→ To do
Could you retype exactly the lines below between the one holding "REMZİ / ELBET SABAH OLACAKTIR" and the one holding "What's It All", inclusive, leaving out any pictures?

→ Supplied records
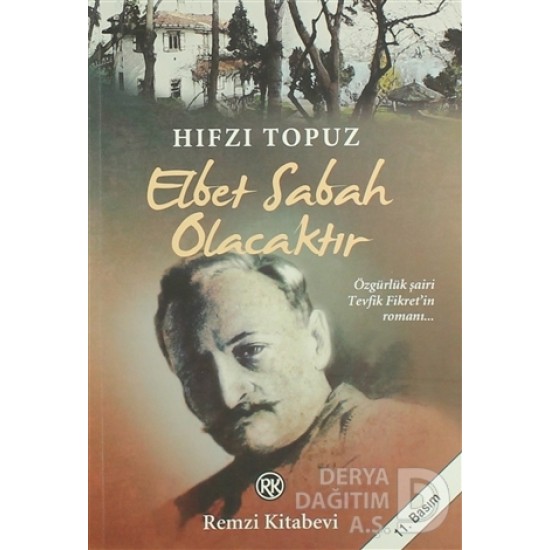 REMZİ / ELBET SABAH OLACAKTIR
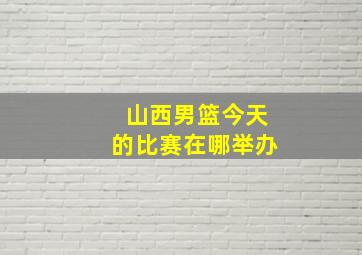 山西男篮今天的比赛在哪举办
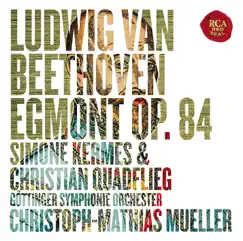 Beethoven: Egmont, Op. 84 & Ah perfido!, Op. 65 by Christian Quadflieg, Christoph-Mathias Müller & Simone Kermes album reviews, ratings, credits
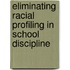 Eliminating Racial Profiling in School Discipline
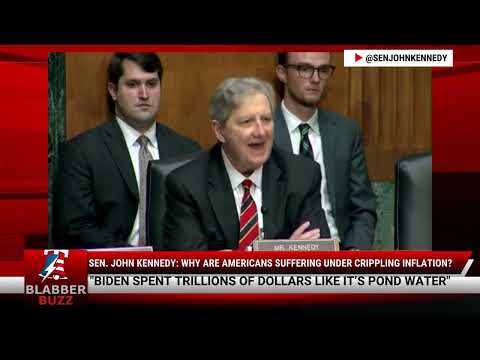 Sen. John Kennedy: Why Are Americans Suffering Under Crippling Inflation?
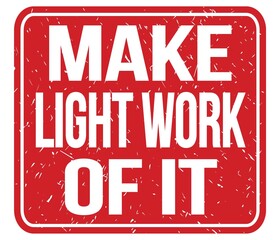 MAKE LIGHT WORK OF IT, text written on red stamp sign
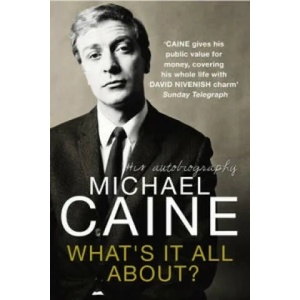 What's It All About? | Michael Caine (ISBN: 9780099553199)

...

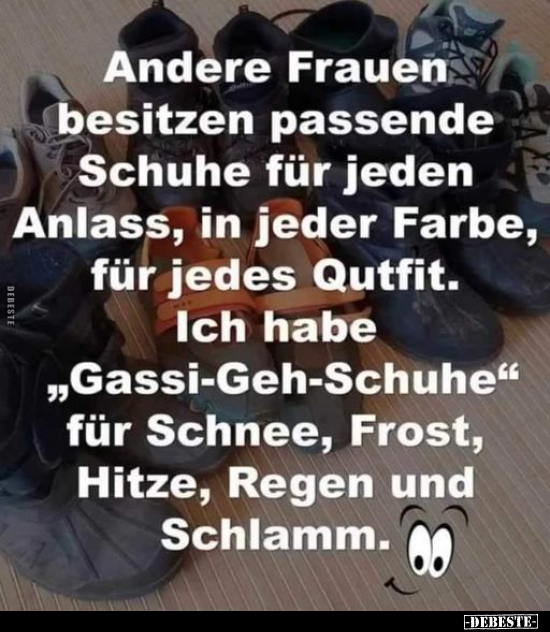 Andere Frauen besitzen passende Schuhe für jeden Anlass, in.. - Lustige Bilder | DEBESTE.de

→ Exercise solution
 REMZİ / ELBET SABAH OLACAKTIR
 山西男篮今天的比赛在哪举办
 Beethoven: Egmont, Op. 84 & Ah perfido!, Op. 65 by Christian Quadflieg, Christoph-Mathias Müller & Simone Kermes album reviews, ratings, credits
 Eliminating Racial Profiling in School Discipline
 Sen. John Kennedy: Why Are Americans Suffering Under Crippling Inflation?
 MAKE LIGHT WORK OF IT, text written on red stamp sign
 What's It All About? | Michael Caine (ISBN: 9780099553199)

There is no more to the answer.